For decals, I started with the black “ice boot” decals on the leading edges of the wings and tail fin. They were not thick enough on the main wing in that they don’t wrap all the way around from panel line to panel line on the top and bottom of the wings. My references also showed that they extended further in some spots, and were shorter elsewhere. I made all the required adjustments with some black stripe decals and black stock decal or a #11 blade as necessary. But, if you don’t, it won’t be the end of the world; the provided decals will look ok.
On the tail - same situation - I had to supplement with black stripe decal. I also had to use a lot of red Micro Sol setting solution to get the decals to conform to the tail fin properly.
Next, I did the wing walk decals, just behind the engines on each wing. Then the nose decals went on. Then I placed the cockpit window decals within their frames scribed in the model.
As mentioned, the kit provided black decals for the windows, and these window decals are connected by clear carrier film. But similar to minor gaps and scratches, the carrier film is rather unsightly and sticks out on the bare metal finish at this small scale.
To get around this problem, I made actual size (1/1) copies of the decal sheet to use as decal placement templates. On each side, I first cut out the copy of the entire side decal from my 1/1 decal copy and taped it above the fuselage to the tail at one end and at the bottom to the fuselage at the other. With a new sharp #11 blade, I then carefully trimmed away the clear carrier film from around each individual window decal before floating and then placed each window individually on the metal finish fuselage using my copy above as a guide for the exact location of each window and insignia. This yields an great looking result.
Next, I trimmed as much clear carrier from around the tail numbers as possible and placed them. And finally, I placed each of the insignias on the top and bottom of the wings as instructed.
I finished with the propellers, first coating them in Future, and then placing the center decals and tip decals.

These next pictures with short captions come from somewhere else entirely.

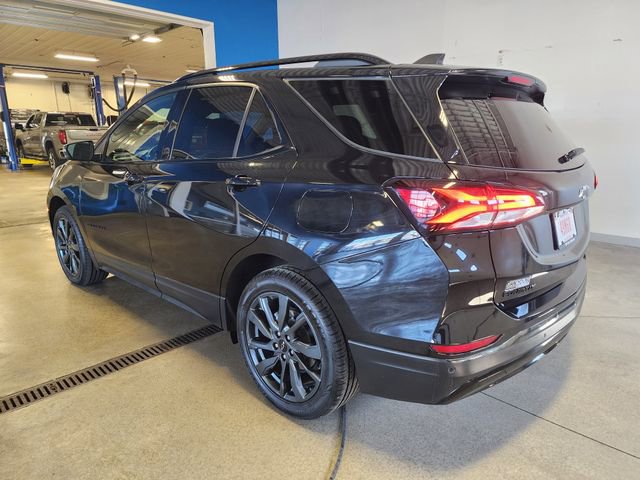 Certified 2023 Chevrolet Equinox RS w/ RS Leather Package FWD image 2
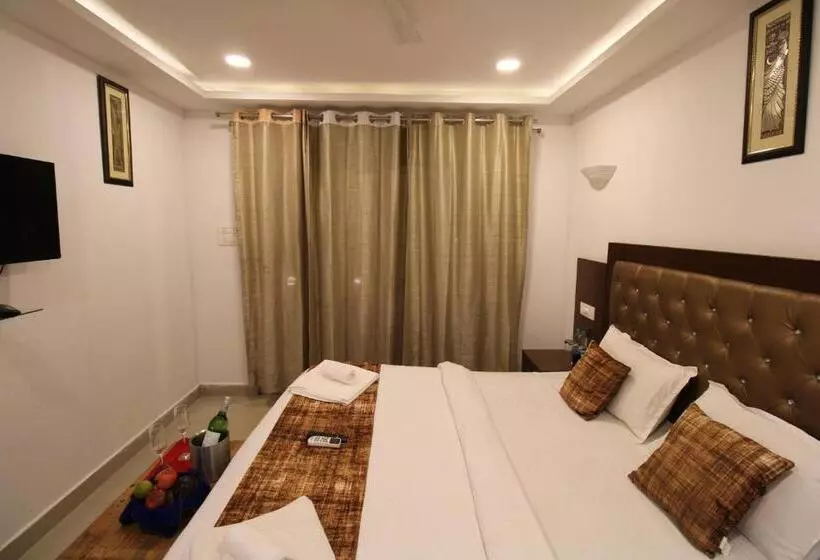 Arabian Sands Beach Resort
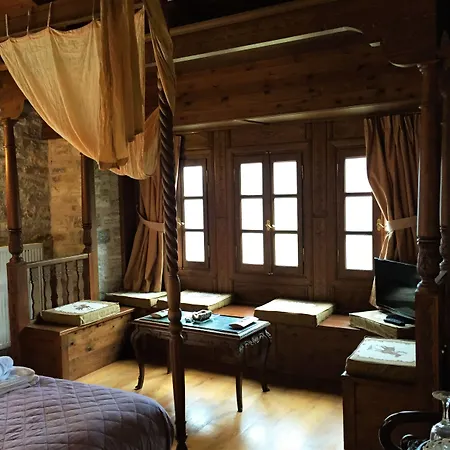 Old بيت ريفي Gorianádhes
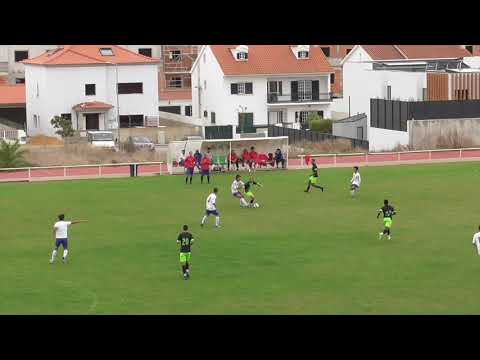 Trevor Albrecht - #8 - CM - Alcochetense Academy vs Pinhalnovense @ Estadio Alcochetense, Portugal.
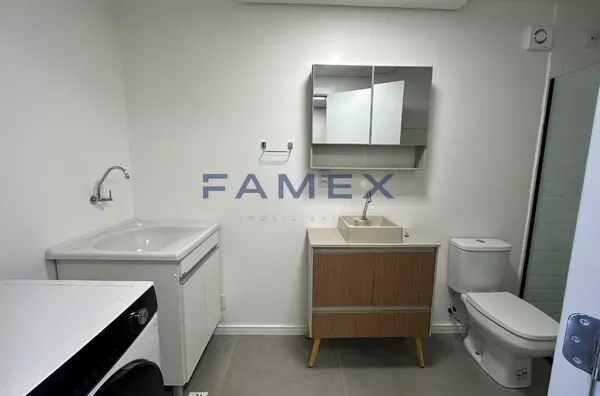 APARTAMENTO MOBILIADO PARA LOCAÇÃO -  COM 01 QUARTO - PRÓXIMO A PRAÇA CENTRAL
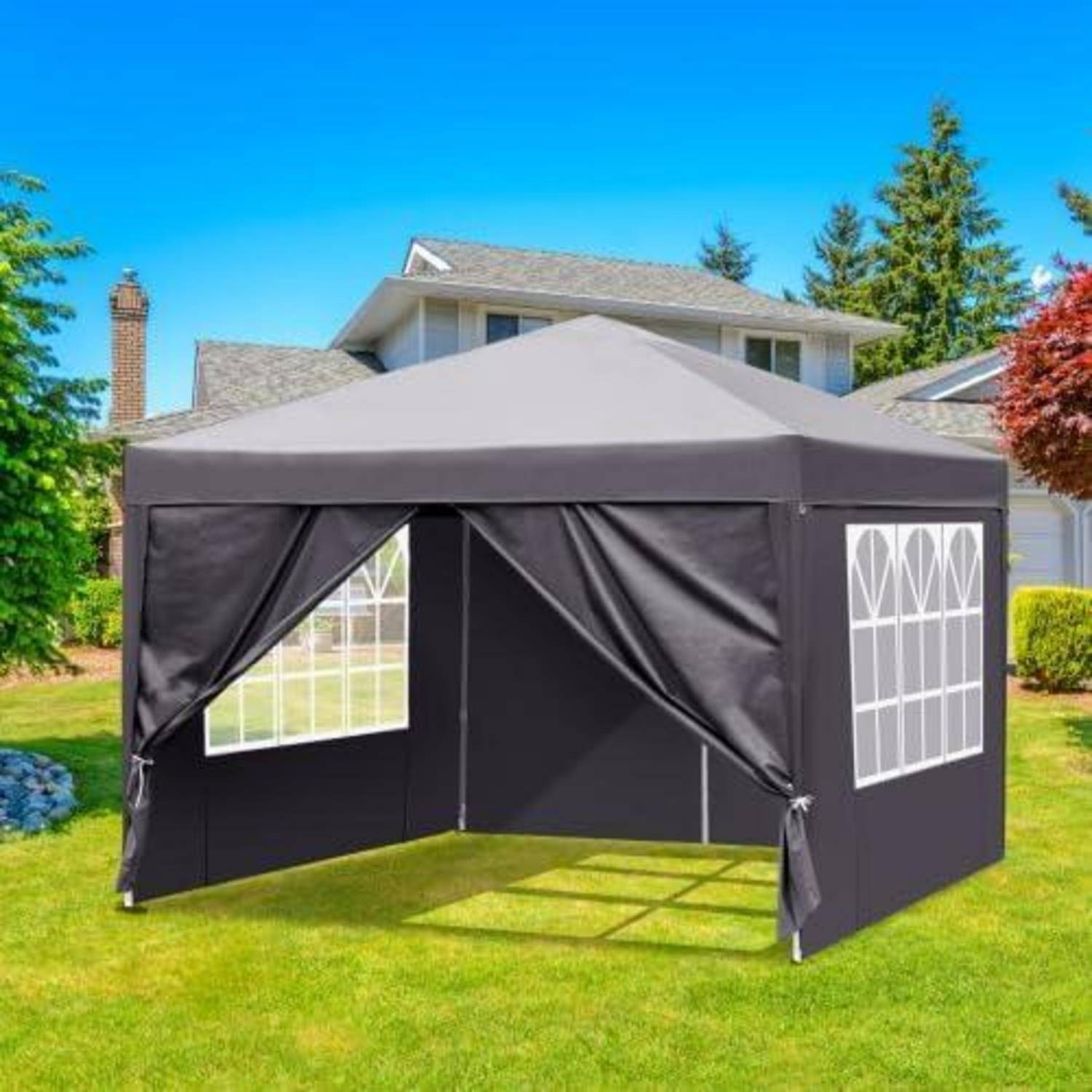 Schwarzes Outdoor-Popup-Baldachindach mit Seitengardinen und Fensterblenden, aufgebaut auf einem Rasen vor einem Haus.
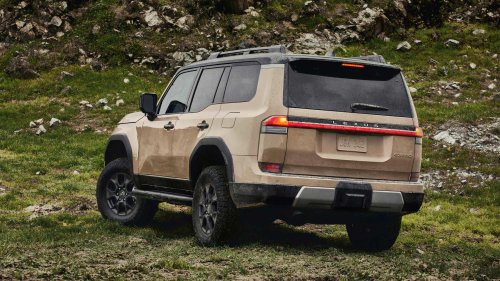 Lexus, Lexus IS, Lexus GX, Toyota, 5 reasons the Lexus GX is a better buy than the Toyota Land Cruiser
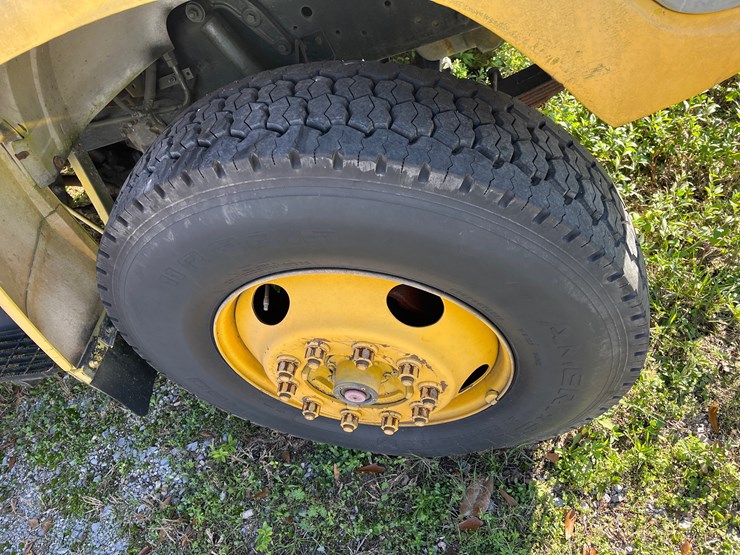 #2-•-1996-ford-f800-crane-truck-image-20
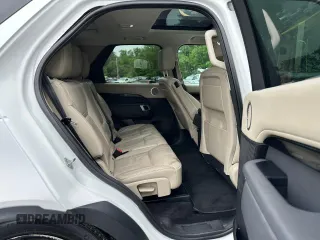 2017 Land Rover Discovery SE z VIN SALRGBBVXHA045789, wystawiony jako Copart lot #61727255 z przebiegiem 141 285 mil mil oraz Czysty tytuł • Clean title. Historia ofert i sprzedaży dostępna na DreamBid. Obrazek 7.
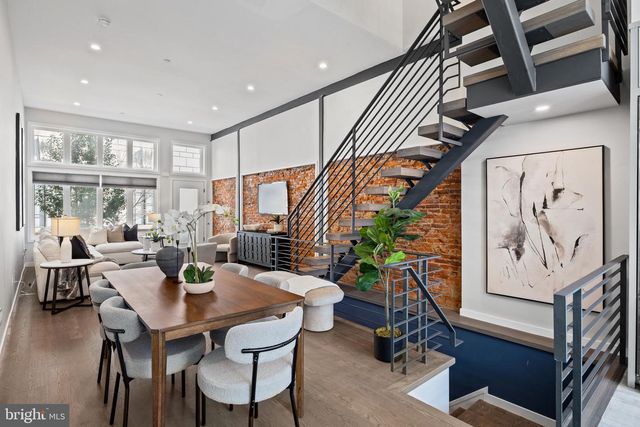 2106 SPRING ST, Philadelphia, PA 19103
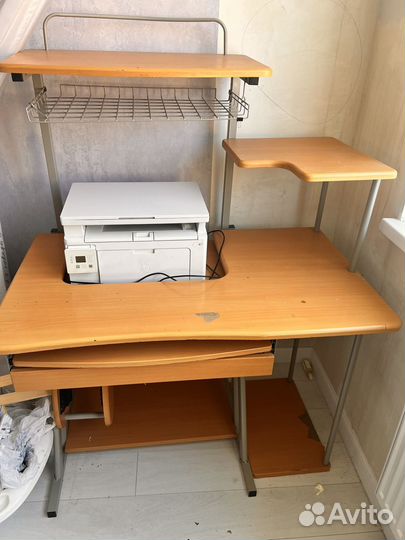 Компьютерный стол и стул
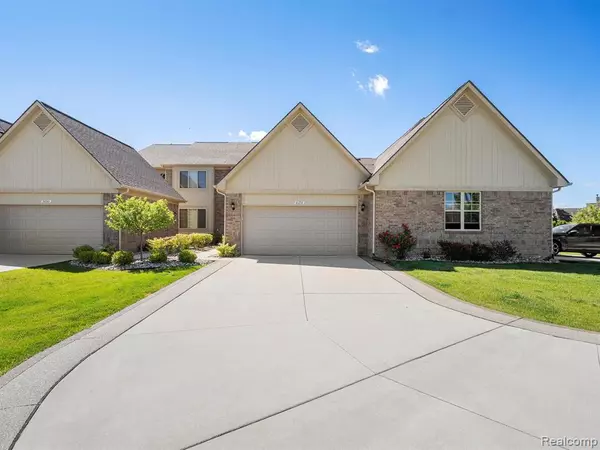 46854 EMERALD CREEK Drive, Shelby Twp, MI 48315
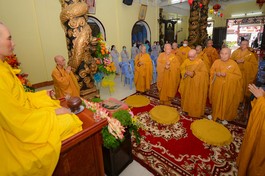 Chư tôn đức Hội đồng Chứng minh, Hội đồng Trị sự GHPGVN TP.HCM dâng hương tưởng niệm Bồ-tát Thích Quảng Đức tại tổ đình Quán Thế Âm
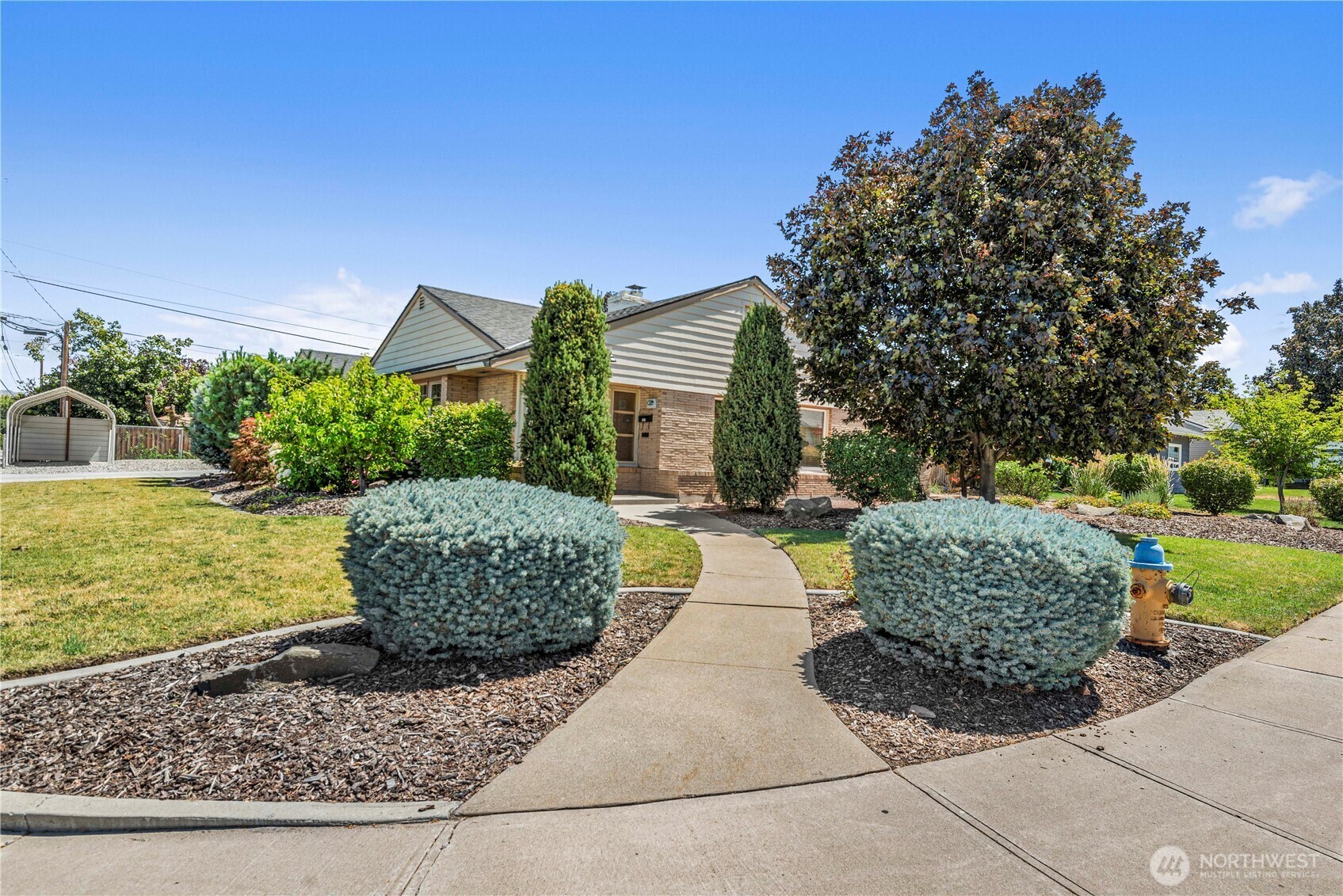 Property Photo:  1101  Fuller Street  WA 98801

The tip decals took a lot of red Micro Sol to get the front and back decals to join together and nestle down. I then hit them with Testors Dullcoat from a can.
After letting the decals dry over night I gave the entire model a coat of Future to give it a gloss finish. I then set in the propellers.
· Planes of the Presidents: An Illustrated History of Air Force One; Bill Holder; Schiffer Military History Books, Atglen, PA, 2000
· Air Classics Magazine, April 1973, Volume 9, Number 4
· Various web sites for reference photos, generated by search engine entries on the plane’s military designation, callsign, and/or nick name, i.e., “VC-54C” and/or “Sacred Cow” into Google Images and scroll through the results and you’ll get at plenty of good photos from many angles. Save the photos (right click on them and click “save photo as”) to your hard drive, then just zoom in on the area you want.
FYI, this was the second kit in a little theme build I’ve done of the history of presidential aircraft, of a total of eight planes and one helicopter. (See my other reviews of Presidential/VIP Aircraft.)
I enjoyed the kit. It’s a fairy easy kit to build, without windows or any interior. Beginners and intermediate (me) modelers will be challenged to get a flawlessly smooth bare metal finish. (I wasn’t entirely successful!) It should be a fun build for the expert modeler. And the historical subject, with the elevator, makes it interesting.